Article Preview
TopIntroduction
During the mid-1990s, Michael Welton (1995) drew on Jürgen Habermas to offer a radical critique of broadly influential conceptions of adult education. He argued that the “andragogical consensus” that prevailed in the field at the time depicted adult education as an assemblage of professional practices whose purpose was to help individuals learn to adapt to the shifting contingencies and challenges of modern life (p. 128). Welton contended that, untroubled by any critical theory of social domination, this depiction of adult education ended up serving the intrusive interests of a burgeoning, destructive, and non-normative system much more than it did the people it purportedly aimed to help. Drawing on Habermas, Welton offered an alternative purpose for the field. Adult education, he contended, is an immensely important endeavor because of its potential to foster social learning that can support increasingly healthy, democratic lifeworld institutions capable of curtailing the destructive excesses of contemporary society (p. 155).

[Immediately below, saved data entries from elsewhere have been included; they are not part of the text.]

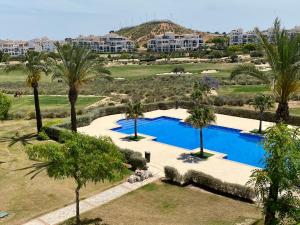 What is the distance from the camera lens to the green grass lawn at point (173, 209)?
688 inches

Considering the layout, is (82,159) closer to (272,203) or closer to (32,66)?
(272,203)

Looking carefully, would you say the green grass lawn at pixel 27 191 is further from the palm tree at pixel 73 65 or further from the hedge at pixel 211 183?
the palm tree at pixel 73 65

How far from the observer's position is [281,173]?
1200 centimetres

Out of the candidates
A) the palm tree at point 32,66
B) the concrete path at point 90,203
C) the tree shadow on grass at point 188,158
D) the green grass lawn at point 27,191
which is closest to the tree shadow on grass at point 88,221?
the concrete path at point 90,203

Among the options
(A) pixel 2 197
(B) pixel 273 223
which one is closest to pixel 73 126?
(A) pixel 2 197

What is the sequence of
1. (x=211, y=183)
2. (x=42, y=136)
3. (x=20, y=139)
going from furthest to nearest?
(x=20, y=139)
(x=42, y=136)
(x=211, y=183)

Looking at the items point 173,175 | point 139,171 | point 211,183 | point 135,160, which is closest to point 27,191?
point 139,171

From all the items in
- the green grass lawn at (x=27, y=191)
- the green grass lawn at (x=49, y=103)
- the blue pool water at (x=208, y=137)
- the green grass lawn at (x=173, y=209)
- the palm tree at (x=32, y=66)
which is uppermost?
the palm tree at (x=32, y=66)

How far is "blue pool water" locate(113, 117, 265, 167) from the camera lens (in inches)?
1205

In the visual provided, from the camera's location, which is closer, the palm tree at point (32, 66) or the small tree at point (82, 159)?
the small tree at point (82, 159)

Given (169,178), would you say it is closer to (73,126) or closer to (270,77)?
(270,77)

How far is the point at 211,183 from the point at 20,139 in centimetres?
1885

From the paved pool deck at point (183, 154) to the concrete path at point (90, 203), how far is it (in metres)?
3.66

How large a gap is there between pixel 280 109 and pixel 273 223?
8.86 metres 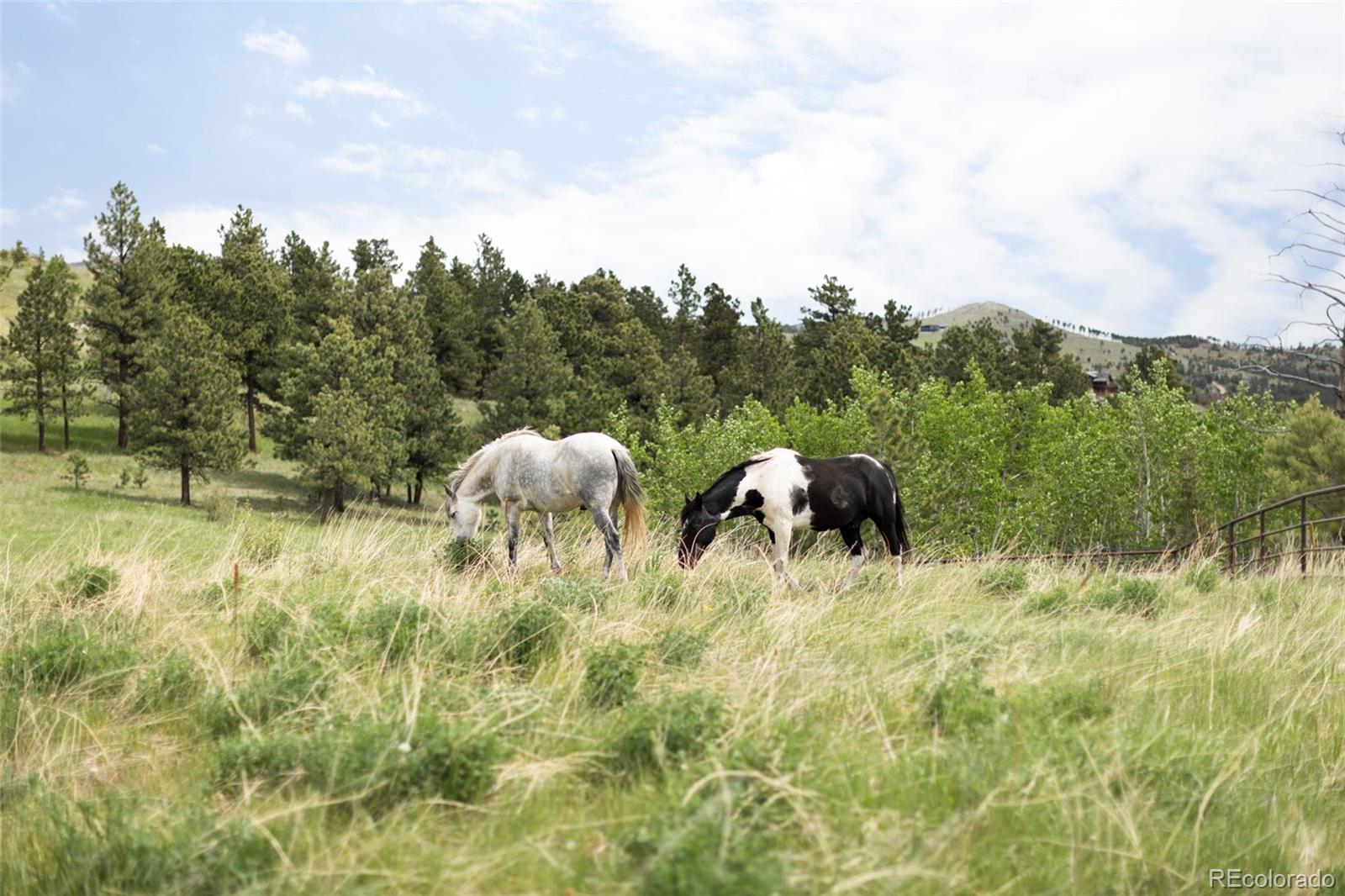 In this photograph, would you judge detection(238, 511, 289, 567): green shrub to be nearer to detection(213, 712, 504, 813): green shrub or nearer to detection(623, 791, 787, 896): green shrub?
detection(213, 712, 504, 813): green shrub

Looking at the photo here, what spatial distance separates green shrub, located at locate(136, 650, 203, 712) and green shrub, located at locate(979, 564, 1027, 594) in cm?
768

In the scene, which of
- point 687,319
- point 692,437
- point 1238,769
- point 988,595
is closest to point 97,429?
point 692,437

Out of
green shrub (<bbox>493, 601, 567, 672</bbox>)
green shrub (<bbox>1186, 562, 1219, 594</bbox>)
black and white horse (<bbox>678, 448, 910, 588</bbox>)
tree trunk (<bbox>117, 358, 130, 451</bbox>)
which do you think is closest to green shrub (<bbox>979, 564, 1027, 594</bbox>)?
black and white horse (<bbox>678, 448, 910, 588</bbox>)

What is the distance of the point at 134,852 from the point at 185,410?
Answer: 47305mm

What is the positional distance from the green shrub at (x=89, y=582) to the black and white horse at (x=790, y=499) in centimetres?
525

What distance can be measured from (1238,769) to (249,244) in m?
77.5

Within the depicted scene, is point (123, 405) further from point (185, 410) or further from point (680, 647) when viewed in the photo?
point (680, 647)

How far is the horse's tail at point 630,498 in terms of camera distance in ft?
31.4

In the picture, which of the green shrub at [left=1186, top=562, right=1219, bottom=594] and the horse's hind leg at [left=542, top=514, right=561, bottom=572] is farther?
the green shrub at [left=1186, top=562, right=1219, bottom=594]

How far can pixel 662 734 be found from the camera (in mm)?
4051

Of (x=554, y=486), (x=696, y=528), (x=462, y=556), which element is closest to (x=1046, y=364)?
(x=696, y=528)

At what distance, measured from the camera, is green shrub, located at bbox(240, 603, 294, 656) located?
588 centimetres

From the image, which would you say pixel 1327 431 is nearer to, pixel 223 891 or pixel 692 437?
pixel 692 437

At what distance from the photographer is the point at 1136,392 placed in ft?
190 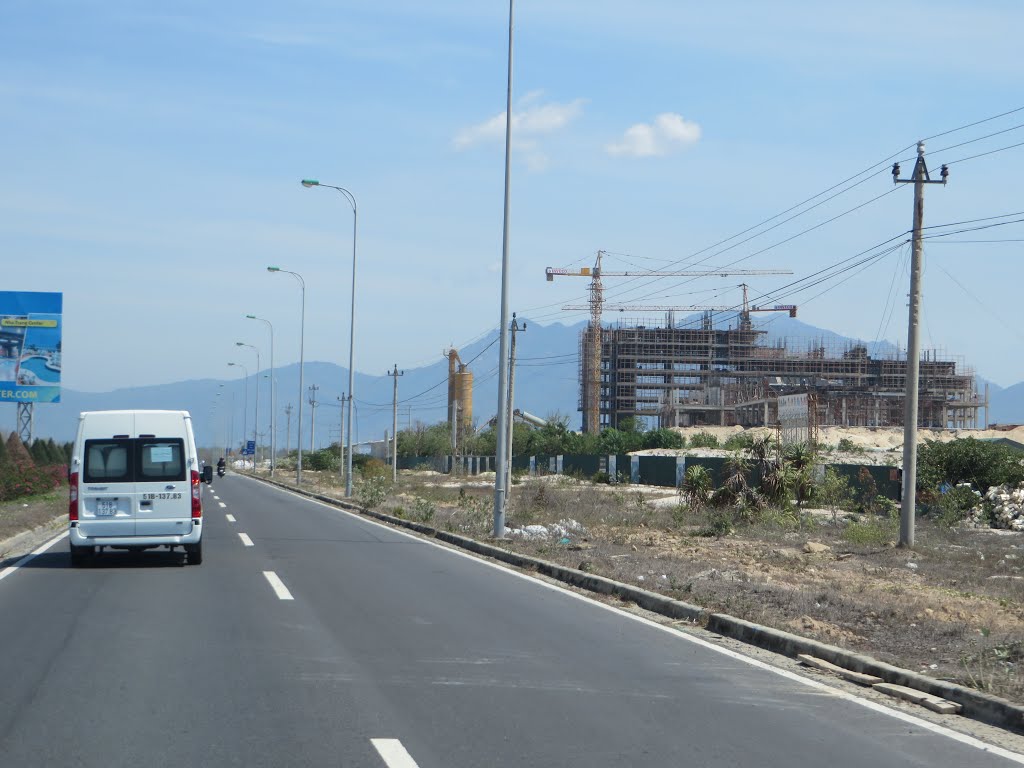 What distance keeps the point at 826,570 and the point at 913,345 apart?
292 inches

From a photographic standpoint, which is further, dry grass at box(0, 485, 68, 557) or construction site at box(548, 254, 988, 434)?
construction site at box(548, 254, 988, 434)

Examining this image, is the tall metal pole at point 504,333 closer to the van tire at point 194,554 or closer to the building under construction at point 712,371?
the van tire at point 194,554

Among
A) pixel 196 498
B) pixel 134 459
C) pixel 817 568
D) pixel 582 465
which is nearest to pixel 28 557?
pixel 134 459

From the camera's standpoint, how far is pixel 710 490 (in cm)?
3094

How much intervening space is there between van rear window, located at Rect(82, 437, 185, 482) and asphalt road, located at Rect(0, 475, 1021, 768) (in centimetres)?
242

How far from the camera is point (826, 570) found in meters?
19.2

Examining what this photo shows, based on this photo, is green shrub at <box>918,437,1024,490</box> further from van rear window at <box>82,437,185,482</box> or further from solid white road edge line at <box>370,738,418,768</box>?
solid white road edge line at <box>370,738,418,768</box>

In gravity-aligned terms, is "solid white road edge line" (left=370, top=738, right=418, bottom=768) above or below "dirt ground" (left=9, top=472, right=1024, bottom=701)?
above

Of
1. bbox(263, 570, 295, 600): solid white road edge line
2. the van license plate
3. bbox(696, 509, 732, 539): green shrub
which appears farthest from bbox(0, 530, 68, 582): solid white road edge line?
bbox(696, 509, 732, 539): green shrub

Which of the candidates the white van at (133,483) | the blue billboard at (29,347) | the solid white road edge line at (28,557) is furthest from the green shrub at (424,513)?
the blue billboard at (29,347)

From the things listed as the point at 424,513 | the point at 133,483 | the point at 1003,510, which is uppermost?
the point at 133,483

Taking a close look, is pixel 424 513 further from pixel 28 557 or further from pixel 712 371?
pixel 712 371

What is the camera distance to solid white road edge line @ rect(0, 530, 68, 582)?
16.5m

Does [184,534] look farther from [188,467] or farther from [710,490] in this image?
[710,490] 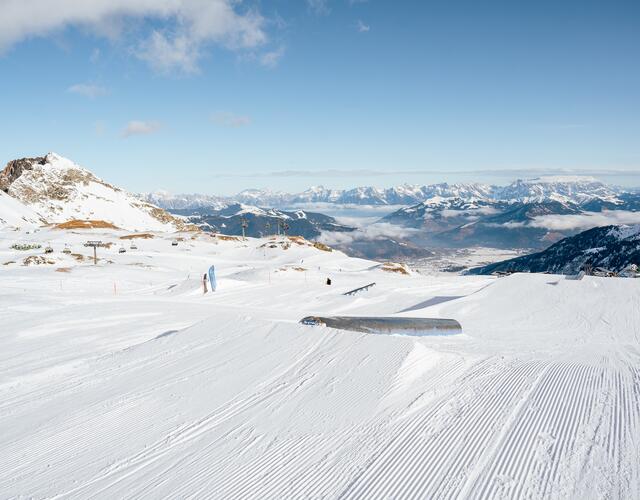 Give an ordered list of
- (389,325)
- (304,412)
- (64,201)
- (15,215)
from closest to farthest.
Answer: (304,412) < (389,325) < (15,215) < (64,201)

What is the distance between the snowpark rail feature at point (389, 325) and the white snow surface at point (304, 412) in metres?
0.94

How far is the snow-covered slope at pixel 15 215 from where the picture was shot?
408 ft

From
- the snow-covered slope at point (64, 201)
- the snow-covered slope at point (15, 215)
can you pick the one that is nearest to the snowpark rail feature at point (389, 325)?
the snow-covered slope at point (15, 215)

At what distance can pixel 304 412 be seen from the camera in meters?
11.1

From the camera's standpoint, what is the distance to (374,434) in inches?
399

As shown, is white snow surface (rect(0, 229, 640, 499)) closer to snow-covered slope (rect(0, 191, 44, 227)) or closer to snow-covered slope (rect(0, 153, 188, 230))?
snow-covered slope (rect(0, 191, 44, 227))

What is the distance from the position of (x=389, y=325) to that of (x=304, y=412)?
10915 mm

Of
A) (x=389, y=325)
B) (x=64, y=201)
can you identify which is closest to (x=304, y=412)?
(x=389, y=325)

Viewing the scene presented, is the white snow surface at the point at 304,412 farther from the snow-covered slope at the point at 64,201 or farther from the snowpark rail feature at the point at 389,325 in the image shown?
the snow-covered slope at the point at 64,201

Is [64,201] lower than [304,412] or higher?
higher

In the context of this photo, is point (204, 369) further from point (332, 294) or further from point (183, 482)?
point (332, 294)

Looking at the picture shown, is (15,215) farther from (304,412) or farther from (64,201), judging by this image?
(304,412)

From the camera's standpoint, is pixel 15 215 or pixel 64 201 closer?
pixel 15 215

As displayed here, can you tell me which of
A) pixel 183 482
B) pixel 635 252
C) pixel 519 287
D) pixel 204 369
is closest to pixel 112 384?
pixel 204 369
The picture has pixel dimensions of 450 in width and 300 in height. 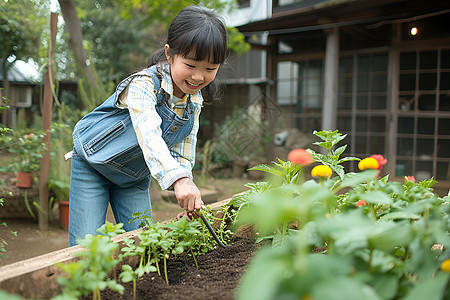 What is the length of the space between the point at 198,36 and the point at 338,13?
181 inches

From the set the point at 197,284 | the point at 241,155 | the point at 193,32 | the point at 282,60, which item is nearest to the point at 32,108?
the point at 241,155

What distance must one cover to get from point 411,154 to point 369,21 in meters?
2.10

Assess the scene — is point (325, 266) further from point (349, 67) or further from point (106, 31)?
point (106, 31)

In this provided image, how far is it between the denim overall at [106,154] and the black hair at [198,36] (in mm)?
163

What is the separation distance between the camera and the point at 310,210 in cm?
55

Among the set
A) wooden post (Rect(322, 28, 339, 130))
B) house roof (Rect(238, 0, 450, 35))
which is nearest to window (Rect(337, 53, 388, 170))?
wooden post (Rect(322, 28, 339, 130))

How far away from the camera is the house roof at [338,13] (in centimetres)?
470

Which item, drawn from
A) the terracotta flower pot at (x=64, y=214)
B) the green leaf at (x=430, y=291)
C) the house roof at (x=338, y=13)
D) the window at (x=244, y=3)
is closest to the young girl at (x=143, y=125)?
the green leaf at (x=430, y=291)

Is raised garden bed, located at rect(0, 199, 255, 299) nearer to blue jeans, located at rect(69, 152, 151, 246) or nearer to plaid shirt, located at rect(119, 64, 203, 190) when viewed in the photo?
plaid shirt, located at rect(119, 64, 203, 190)

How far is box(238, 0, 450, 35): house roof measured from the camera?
185 inches

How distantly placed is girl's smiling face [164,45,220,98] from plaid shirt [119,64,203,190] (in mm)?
89

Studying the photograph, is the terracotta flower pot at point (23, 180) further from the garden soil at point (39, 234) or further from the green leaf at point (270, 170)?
the green leaf at point (270, 170)

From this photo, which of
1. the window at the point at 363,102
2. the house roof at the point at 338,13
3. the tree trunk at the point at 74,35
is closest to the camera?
the tree trunk at the point at 74,35

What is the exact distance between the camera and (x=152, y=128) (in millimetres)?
1137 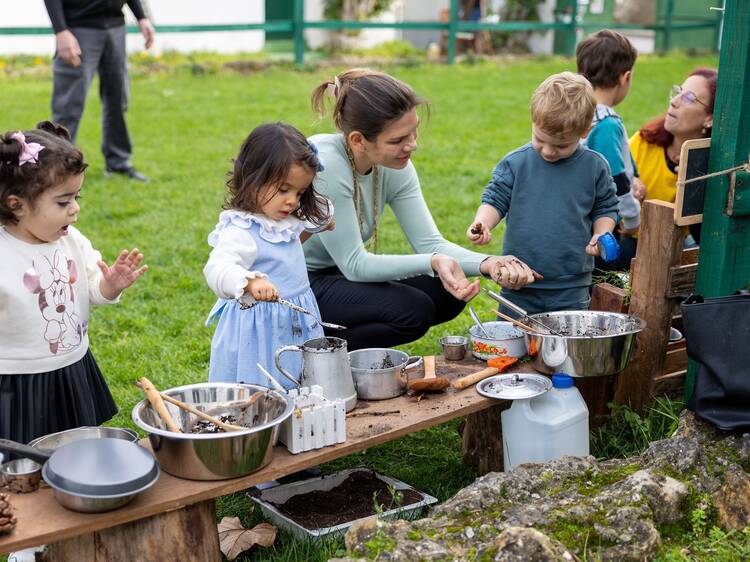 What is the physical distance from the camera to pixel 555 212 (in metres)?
3.88

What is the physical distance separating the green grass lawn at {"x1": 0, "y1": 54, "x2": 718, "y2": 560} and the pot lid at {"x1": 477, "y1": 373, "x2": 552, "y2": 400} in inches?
19.5

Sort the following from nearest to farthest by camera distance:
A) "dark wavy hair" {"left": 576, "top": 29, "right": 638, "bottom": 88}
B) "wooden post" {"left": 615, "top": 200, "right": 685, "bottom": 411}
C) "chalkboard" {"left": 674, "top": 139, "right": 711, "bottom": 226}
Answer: "chalkboard" {"left": 674, "top": 139, "right": 711, "bottom": 226} < "wooden post" {"left": 615, "top": 200, "right": 685, "bottom": 411} < "dark wavy hair" {"left": 576, "top": 29, "right": 638, "bottom": 88}

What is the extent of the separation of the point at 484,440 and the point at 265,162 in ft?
4.22

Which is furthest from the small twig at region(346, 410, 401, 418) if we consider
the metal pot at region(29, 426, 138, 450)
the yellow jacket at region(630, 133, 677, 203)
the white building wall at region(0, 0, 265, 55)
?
the white building wall at region(0, 0, 265, 55)

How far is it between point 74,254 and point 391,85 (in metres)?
1.25

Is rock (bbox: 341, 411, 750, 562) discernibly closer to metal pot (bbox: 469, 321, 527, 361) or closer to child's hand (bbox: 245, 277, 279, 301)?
metal pot (bbox: 469, 321, 527, 361)

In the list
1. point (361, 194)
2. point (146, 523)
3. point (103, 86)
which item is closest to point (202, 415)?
point (146, 523)

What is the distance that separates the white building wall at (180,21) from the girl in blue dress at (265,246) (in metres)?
11.5

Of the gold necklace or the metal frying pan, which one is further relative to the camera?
the gold necklace

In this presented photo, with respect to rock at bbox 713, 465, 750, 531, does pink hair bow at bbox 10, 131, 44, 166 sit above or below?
above

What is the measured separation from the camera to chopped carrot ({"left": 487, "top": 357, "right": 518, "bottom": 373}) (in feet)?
11.4

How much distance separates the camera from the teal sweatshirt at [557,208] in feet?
12.7

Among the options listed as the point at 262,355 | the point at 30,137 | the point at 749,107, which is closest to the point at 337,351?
the point at 262,355

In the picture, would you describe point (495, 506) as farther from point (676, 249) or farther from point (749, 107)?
point (749, 107) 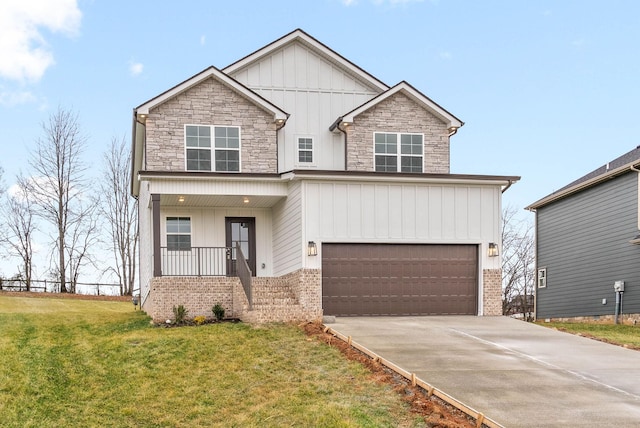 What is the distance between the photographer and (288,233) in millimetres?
18922

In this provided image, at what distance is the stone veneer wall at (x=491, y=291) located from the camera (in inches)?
733

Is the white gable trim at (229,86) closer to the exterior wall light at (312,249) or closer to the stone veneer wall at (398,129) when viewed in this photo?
the stone veneer wall at (398,129)

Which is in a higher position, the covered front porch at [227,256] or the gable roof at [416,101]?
the gable roof at [416,101]

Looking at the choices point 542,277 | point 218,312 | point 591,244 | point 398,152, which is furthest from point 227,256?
point 542,277

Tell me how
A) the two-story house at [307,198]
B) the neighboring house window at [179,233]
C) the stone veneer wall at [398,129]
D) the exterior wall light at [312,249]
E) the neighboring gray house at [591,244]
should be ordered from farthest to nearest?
1. the neighboring gray house at [591,244]
2. the stone veneer wall at [398,129]
3. the neighboring house window at [179,233]
4. the two-story house at [307,198]
5. the exterior wall light at [312,249]

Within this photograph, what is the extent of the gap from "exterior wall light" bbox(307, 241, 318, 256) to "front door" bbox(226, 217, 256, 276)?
343cm

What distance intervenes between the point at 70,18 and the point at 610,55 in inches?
716

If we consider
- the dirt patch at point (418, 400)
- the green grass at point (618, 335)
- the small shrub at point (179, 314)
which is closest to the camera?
the dirt patch at point (418, 400)

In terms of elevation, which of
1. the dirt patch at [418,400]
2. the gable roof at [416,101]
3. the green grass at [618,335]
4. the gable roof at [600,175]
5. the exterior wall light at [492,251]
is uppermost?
the gable roof at [416,101]

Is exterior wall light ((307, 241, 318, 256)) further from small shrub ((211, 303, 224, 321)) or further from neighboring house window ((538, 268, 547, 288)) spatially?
neighboring house window ((538, 268, 547, 288))

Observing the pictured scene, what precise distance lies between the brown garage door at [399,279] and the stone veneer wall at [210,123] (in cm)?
366

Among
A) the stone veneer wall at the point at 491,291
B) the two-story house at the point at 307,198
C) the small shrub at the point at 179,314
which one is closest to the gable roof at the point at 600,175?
the two-story house at the point at 307,198

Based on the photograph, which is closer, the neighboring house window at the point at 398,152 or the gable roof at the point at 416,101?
the gable roof at the point at 416,101

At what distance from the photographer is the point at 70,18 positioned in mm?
23828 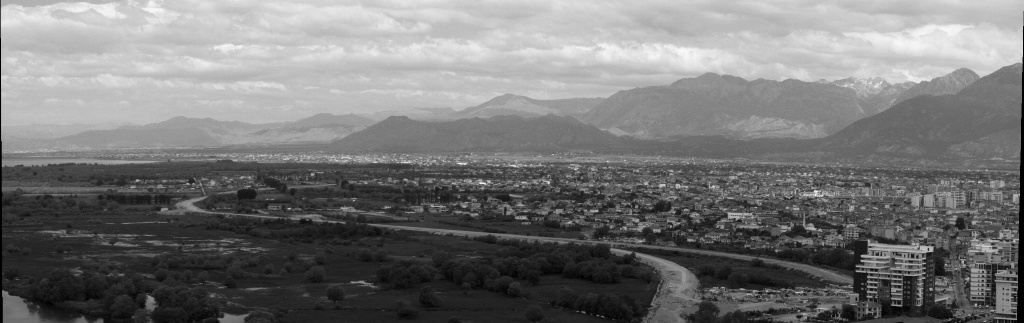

Instead of helping individuals accommodate themselves to the instrumental imperatives of modernity, adult education should realize its full potential as an emancipatory force – that is, to use Welton’s Habermasian phrase, it should be a field of social practice “in defense of the lifeworld” (1995, p. 4).
Twenty years later, there seems to be very little overall consensus about what adult education is or what its purposes should be, let alone anything like the “andragogical consensus.” Certainly, as is so often lamented, much of what counts as adult education remains dominated by view of the field as a collection of professional practices for fostering individual learning, most often, to enhance prospects for ‘labour market attachment’ (to use an old Thatcherite phase). But this is not all there is. Adult education, especially as it is promoted in much academic discourse, is openly characterized as an emancipatory practice that aims to seek out the ways power relations (especially the cultural power relations such as sexism, racism, homophobia, ethnocentrism, classism) distorts collective learning processes with pernicious, negative effects.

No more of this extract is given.